◆ Work to be completed: Print the listing exactly as it stands. Skip every picture.

◆ Given data:
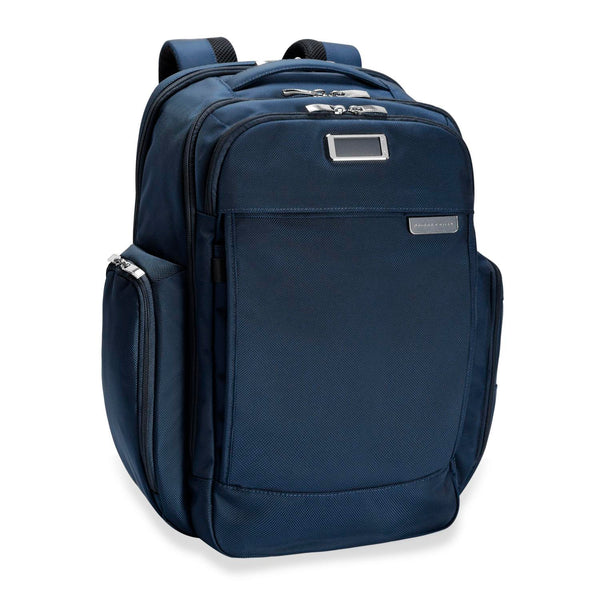 Briggs & Riley Traveler Backpack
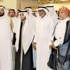 والد عروس في السعودية يطلب مهر "ريالين" لابنته والد عروس في السعودية يطلب مهر "ريالين" لابنته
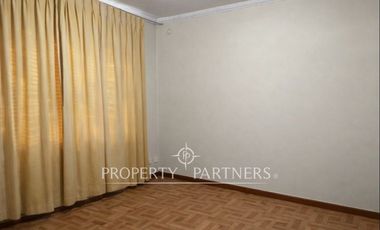 Casa apta para uso comercial u oficina en Avenida Vitacura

◆ Output for this task:
 Briggs & Riley Traveler Backpack
 والد عروس في السعودية يطلب مهر "ريالين" لابنته والد عروس في السعودية يطلب مهر "ريالين" لابنته
 Casa apta para uso comercial u oficina en Avenida Vitacura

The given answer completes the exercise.